My Straits Echo Press days

For a very long time, people used to think that I worked at The Star newspaper. This misconception arose because of my chess articles that had been appearing regularly in the newspaper since 1980 (give or take several stops and starts during this 32-year run).

But no, I was never a staff of this newspaper. I was only a contracted writer, a freelancer for them, with the sole objective of writing about chess. All this stopped in March this year when I was politely informed by the Star2 editor, incidentally an old friend from Penang who also happened to be an ex-colleague from my days at the Ban Hin Lee Bank, that this was an editorial decision to change direction.

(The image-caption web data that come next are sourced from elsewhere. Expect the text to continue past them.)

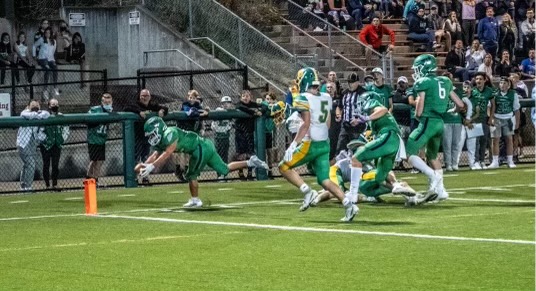 falcon_gridiron's tweet photo. Congratulations to the Woodinville Falcons football team in winning their season opener against Bishop Blanchet by a score of 29-26. Here is Henry Nichols scoring the go ahead TD in the 4th quarter. #44Strong #FalconPower https://t.co/E7eHs8BCyL
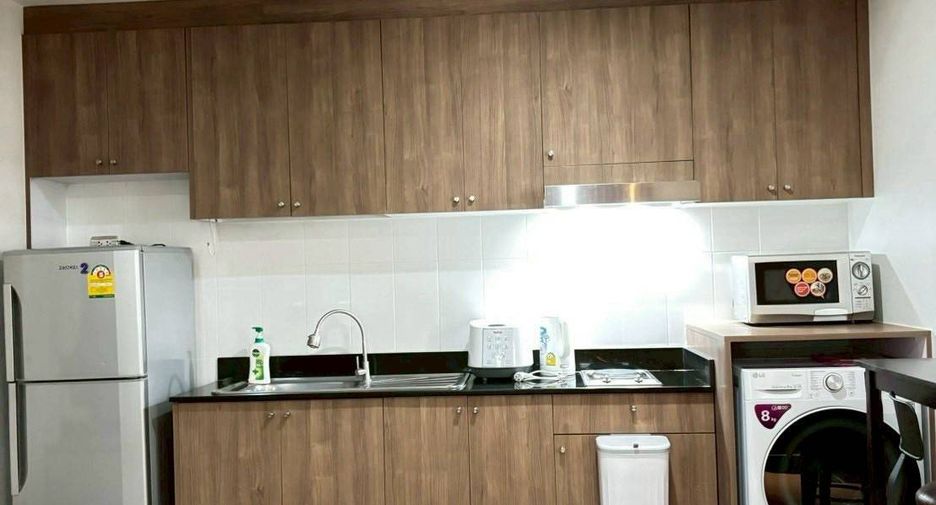 À louer 2 chambres condo à Khlong Toei, Bangkok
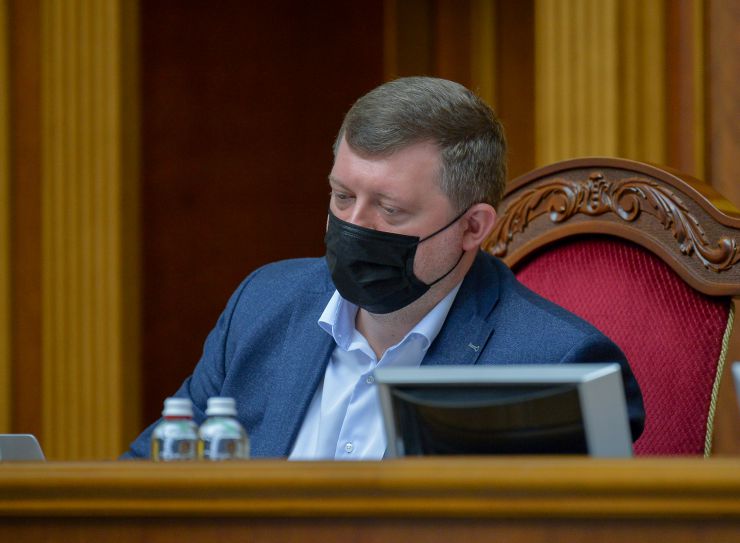 Пленарне засідання Верховної Ради України.

Голова Верховної Ради України Руслан Стефанчук відкрив пленарне засідання.
Головуючий повідомив, що 12 листопада 2021 року Центральна виборча комісія зареєструвала народних депутатів України, обраних на проміжних виборах народних депутатів 31 жовтня 2021 року в одномандатному виборчому окрузі №184 Козиря Сергія В’ячеславовича, у виборчому окрузі №197 Войцехівського Віталія Олександровича, обраного на позачергових виборах народних депутатів 21 липня 2019 року в загальнодержавному багатомандатному виборчому окрузі Кострійчука Сергія Володимировича за політичним списком політичної партії «Слуга народу». 
Новообрані народні депутати склали присягу перед Верховною Радою.
Народні депутати розглянули правки до законопроекту про медіацію, №3504. 
За результатами голосування законопроект 302 голосами прийнято у другому читанні і в цілому.
Олександр Корнієнко
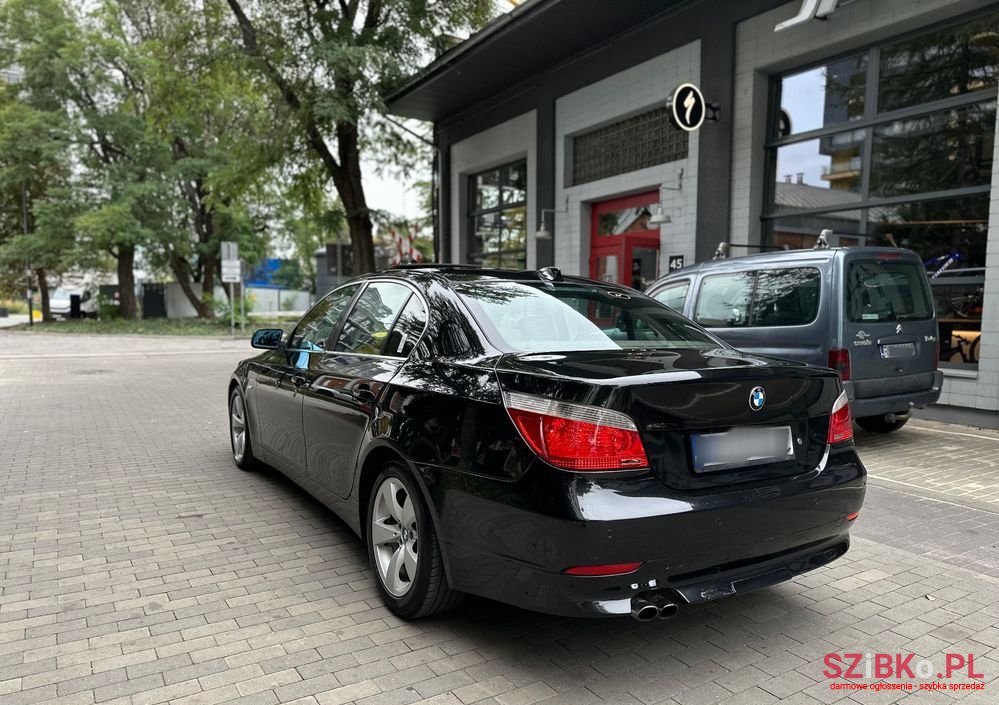 2003' BMW 5 Series 525I photo #3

(By the way, I do not know who were responsible for making this "editorial decision" jointly or individually but it occurred just a few weeks before the infamous Erykah Badu incident in the newspaper that saw this editor and another fella suspended before being transferred later to other duties in the organisation. Of course, this is another story altogether.)

So let me reiterate: I was never a staff of The Star. I was never offered benefits which the newspaper's management had given to their staff. When the newspaper listed on the Kuala Lumpur Stock Exchange, I did not expect nor was I offered any pink form. When the newspaper celebrated its anniversaries, I did not expect nor was I ever invited to any of their functions in Penang. But I was invited once to a "meet the contributors" function in Petaling Jaya that I had to decline because I couldn't travel down from Penang on that day. And while the newspaper gave salary increments and bonuses to their staff, my once-in-a-blue moon adjustment came at the whims and fancies of the newspaper's management. Mine was strictly a contract to write a regular chess column for them. If I write, I get paid; if I don't write, I don't get paid. That was all: a very simple arrangement.

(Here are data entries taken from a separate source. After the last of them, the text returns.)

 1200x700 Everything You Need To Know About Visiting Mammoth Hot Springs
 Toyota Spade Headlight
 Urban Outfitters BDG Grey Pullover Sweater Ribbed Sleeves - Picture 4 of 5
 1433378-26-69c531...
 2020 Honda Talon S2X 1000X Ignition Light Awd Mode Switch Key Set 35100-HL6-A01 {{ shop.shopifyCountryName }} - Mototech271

Having set the record straight, let me add that I did undergo a stint in journalism a long time ago, so I do know something about newspaper ethics. I'm proud to say that for six months of my life, from Dec 1977 till May 1978, I was working at The Straits Echo Press, a Penang-based newspaper owned by someone named KK Liew. We operated from a 2½-storey building in Penang Road (at the junction with Dato Koyah Road) and the editorial team took up the whole of the first floor. The ground floor was occupied by the advertising department at the front and the printing section at the back. Up the narrow staircase at the side of the building and we'd reach a landing with a long corridor. Down the corridor would be the newsroom.

Wilson de Souza was the chief editor of the newspaper but during my six-month tenure there, I don't believe that I ever had the opportunity to speak with him more than five times. Most of the time, my interactions were with the senior editors Cheah Cheong Lin and Sunny Tan. Of the two, Sunny Tan was practically the force behind the newsroom, breathing fire most times. On the other hand, Cheah Cheong Lin was a genial old man, more of a father figure to the reporters.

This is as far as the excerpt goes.